Generalized Linear Model

For any statistical method there are certain assumptions that have to be met. For example, with OLS regression one of the key assumptions is homoscedasticity for the residuals. Sometimes these assumptions are not met. Using homoscedasticity as an example, the variance of the errors is not consistent across observations and is rarely met. Due to this violation, using OLS regression may provide inaccurate results. One solution is to use a generalized linear model (GLM), however GLMs have their own set of assumptions. But first, we need to review what a GLM is!

Note

Why GLMs over OLS regression? A few of the reasons [STAT 504, Section 6.1]:

Since the model uses MLE instead of OLS, parameter estimates and likelihood functions benefit from asymptotic normal and chi-square distributions
Homoscedasticity is not required for GLMs
No need to transform the outcome variable to have a normal distribution
Choosing the link has nothing to do with what you choose for the random component. For example, you can use a binomial distribution but choose to use a logit link or probit.
There is no separate error term

Do Candy Lovers Own More Balloons?

For our next question, we want to know if candy lovers own more balloons than those who do not. Luckily, we can use the same database that we did for our regression analysis! First, we need to go through what a GLM is before we jump into getting answers.

Main Parts of GLM

There are three components to any GLM [STAT 504, Section 6.1]:

Random Component. This refers to the response variable. We need to make an assumption about the probability distribution of the response variable (i.e., normal, binomial, Poisson, etc.). Note: this is the only random component in the model (i.e., there is not a separate error term like there is in OLS regression). For our example, we assume that candy lovers is from a binomial distribution.
Systematic Component. This outlines the explanatory variables and how they are related. Again, using the example above, the systematic component is linear since it will be \(\beta_0 + \beta_1*age + \beta_2*sex + \beta_3*\text{number of balloons}\)
Link Function. The link function is a crucial component of GLMs which differentiates it from OLS regression.
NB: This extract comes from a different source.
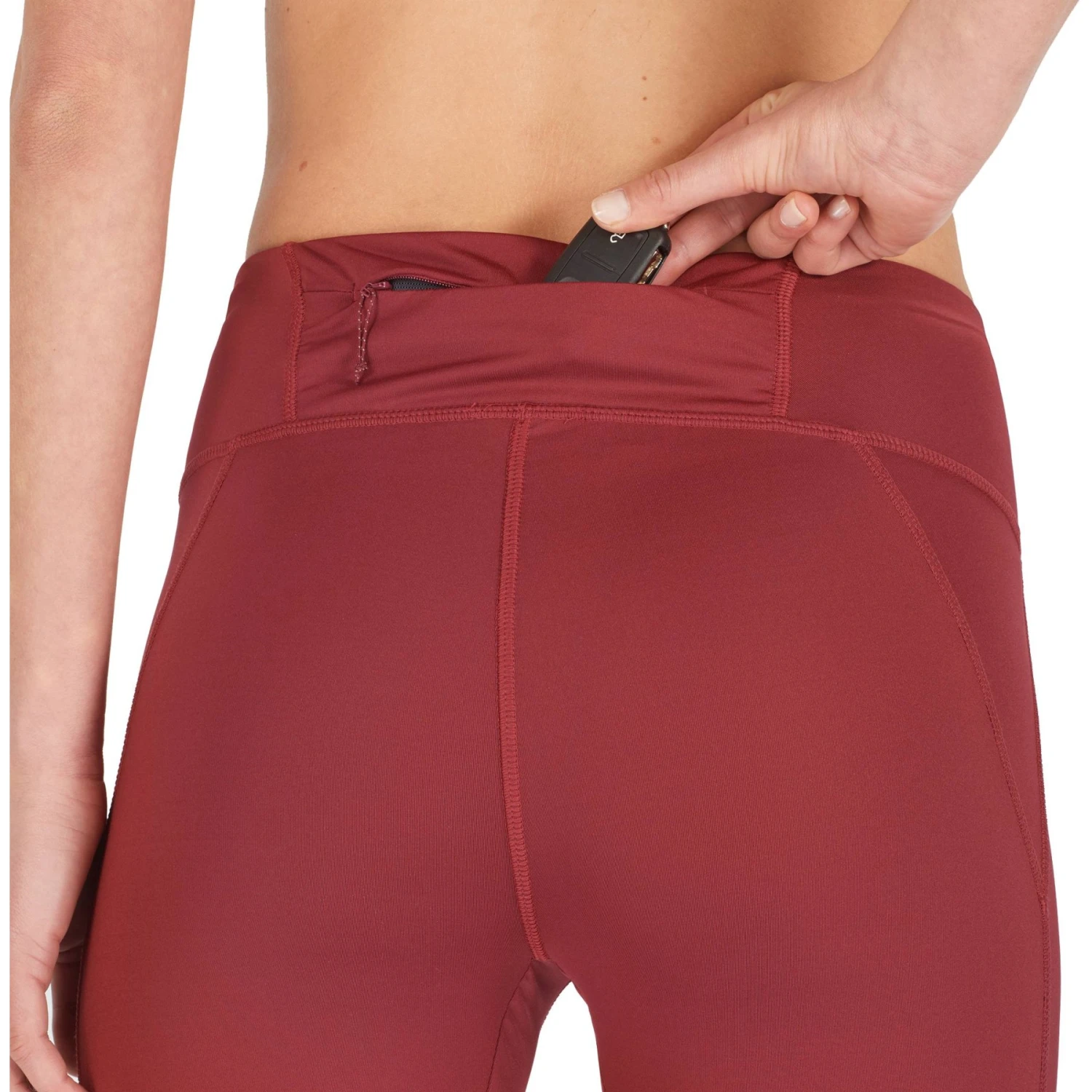 Salomon Agile Long Tights Women - Pomegranate 6 Salomon Agile Long Tights Women - Pomegranate - Afbeelding 6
This specifies how the random and systematic components are connected. For our example, the link function is logit. If our outcome variable were continuous it would be the identity link function (why it’s called the identity link function has never made sense to me. Think of it as the one you are used to: y = mx + b).

Like any statistical technique, there are assumptions as well [STAT 504, Section 6.1]:

The data are independently distributed
The dependent variable typically assumes a distribution from an exponential family (i.e., normal, binomial, Poisson, etc.)
A linear relationship between the transformed expected response in terms of the link function and explanatory variables (however not in terms of the response and explanatory variables).
Errors need to be independent but not normally distributed (this is a key difference between OLS regression and GLMs)

Maximum Likelihood Estimation

One of the key differences between OLS and GLM is the way that parameters (aka coefficients) are estimated. While OLS uses ordinary least squares, GLMs use something called maximum likelihood estimation (MLE). MLE is like what it sounds like: it’s about maximizing the likelihood function so that the model uses values that make the observed data most probable (aka most likely).

There are different methods to determine this value using MLE including solving the derivative of the likelihood funciton then setting to 0 (where the maxima occurs, from calculus), or more iterative procedures such as the Gradient descent method or the Newton-Raphson method. Here we will focus on iteratively reweighted least squares (IWLS) since that is what R uses by default in the glm() function.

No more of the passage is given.